The k-nearest neighbor algorithm is computationally intensive. In its basic form, this algorithm requires the calculation of the distances between all the points in the training set during each of the k main iterations of the algorithm. To reduce the computations required, we used LP-based feature selection. When we created the LP decision tree we found that 16 of the bands had a much higher coefficients in the discrimination function than the other bands. We created nearest neighbor images using these 16 bands (figure 11), and then compared it with a nearest neighbor image created using 100 bands. There were no substantial differences. Indeed, the results of k-nearest neighbor are similar to our LP-based approach.

6. Road tracing

Features, such as parking lots, share many of the same properties as roads. Therefore, it is difficult to isolate roads from these features. Moreover, obstacles on roads, tunnels, under-passes, shadows, and canopy cover may effectively obscure the road from overhead satellite imagery. There are many algorithms, such as those based on edge detection and masking, that can aid in the extraction of roads. We demonstrate the use of one such tracing technique, which is based on cost functions and dynamic programming. In the tracing algorithm, certain properties of roads, such as their elongation, contrast to adjoining pixels, and gray scale value, are used to create a cost value. This cost value is low if the configuration of pixels is close to what we would expect from a road, and is high otherwise. We then use dynamic programming to trace a minimum-cost path through the pixels of the image produced by classification.

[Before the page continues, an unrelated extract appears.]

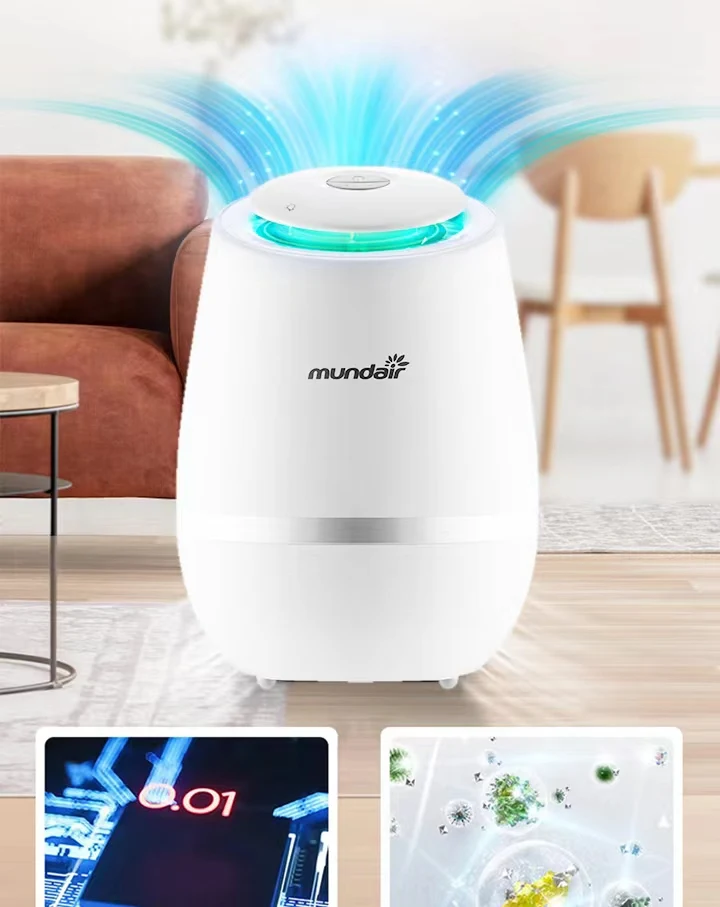Air Purifier Manufacturer Air Purifier 220v Air Cleaner Home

We briefly explain the algorithm and provide results. The first step in the process of extracting roads is to characterize the points representing the roads by geometric and spectral considerations. This characterization is done using a costing procedure, that for each pixel, associates a cost such that, the lower the cost, the more likely the point is to be a road pixel. The costing procedure is carried out by examining each pixel's neighborhood to detect special configurations. Certain configurations have a higher probability of being road than other configurations. For example, if in the eight neighborhood of a pixel (eight pixels immediately adjacent to the current pixel) there are only 0 or 1 road pixels then the cost function associated with the current pixel is high, since isolated road pixels are rare. In addition, if we invert our gray scale image, the pixel intensity itself may be used as a cost function. The various cost functions are added together to define an overall cost function, which is used to build a matrix in which each element is a cost associated with an individual pixel.

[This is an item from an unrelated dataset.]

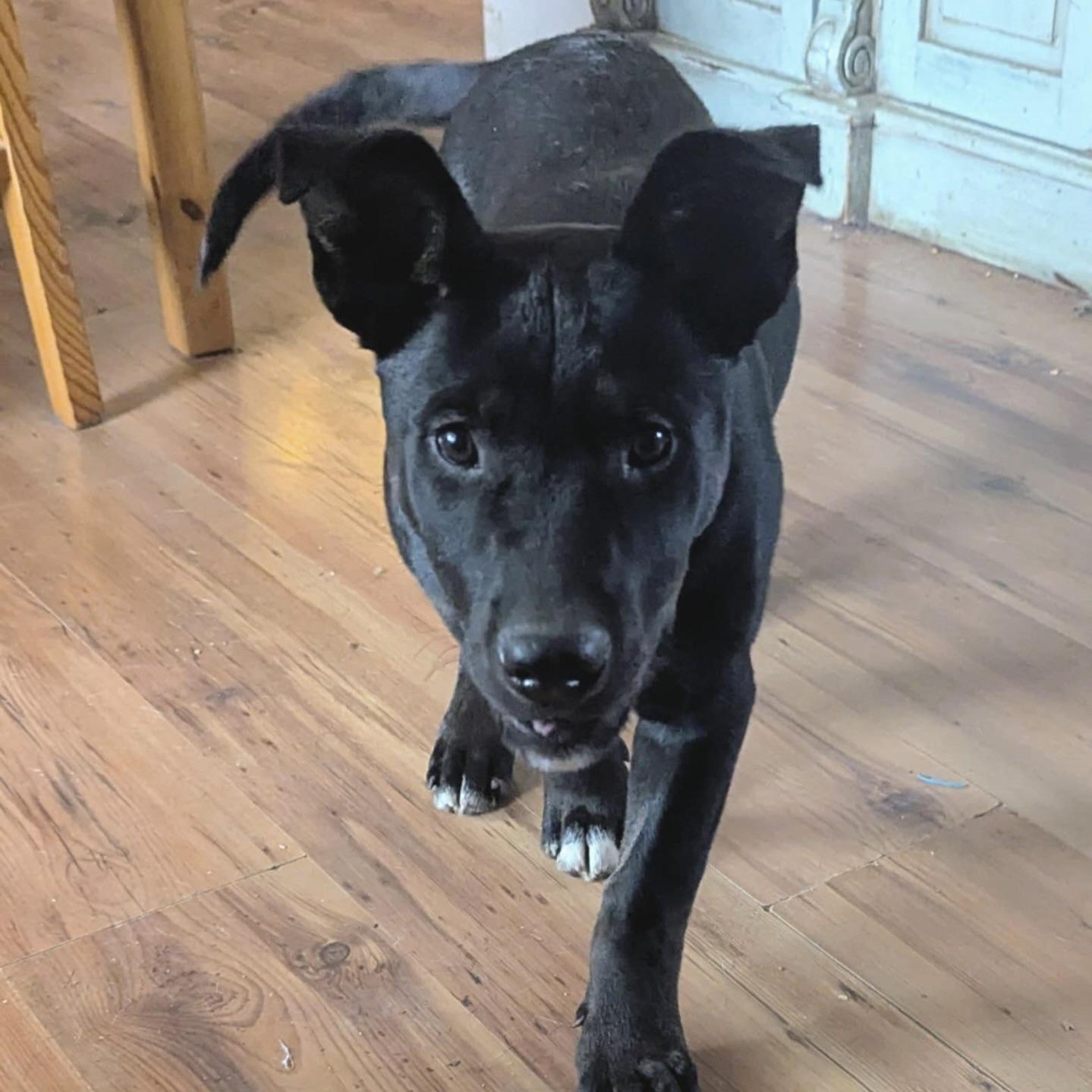 Little Apollo (20250926-05)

To trace a road through the matrix, we choose a pixel which we know is a road pixel and choose the number of pixels which should be joined together. Typically the figure is 5 or 6. We can then use dynamic programming to find the minimum cost path through the matrix for any starting point. The results of road tracing on the gray scale image created by our LP decision tree are shown in figure 12.

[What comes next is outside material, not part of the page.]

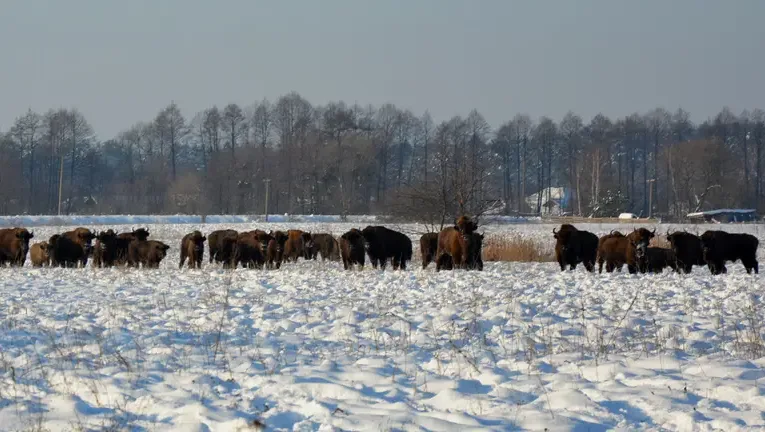 Біля нацпарку на Львівщині помітили велику популяцію зубрів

7. Conclusions and suggestions for further research

Using linear programming decision trees seems to be of some effectiveness in creating a gray scale image for road extraction. In particular, pairwise separation seems to give results that are superior to combined separation and are comparable to nearest neighbor. Linear programming also seems to be useful for feature selection.

Future research will involve the modification of our decision tree by using linear programming to create quadratic splits, rather than linear splits. Another avenue of research will explore the modality of the data. If this research shows that the data is multi-modal, our decision tree will be extended to accommodate the data by clustering the data and partitioning each class into subclasses.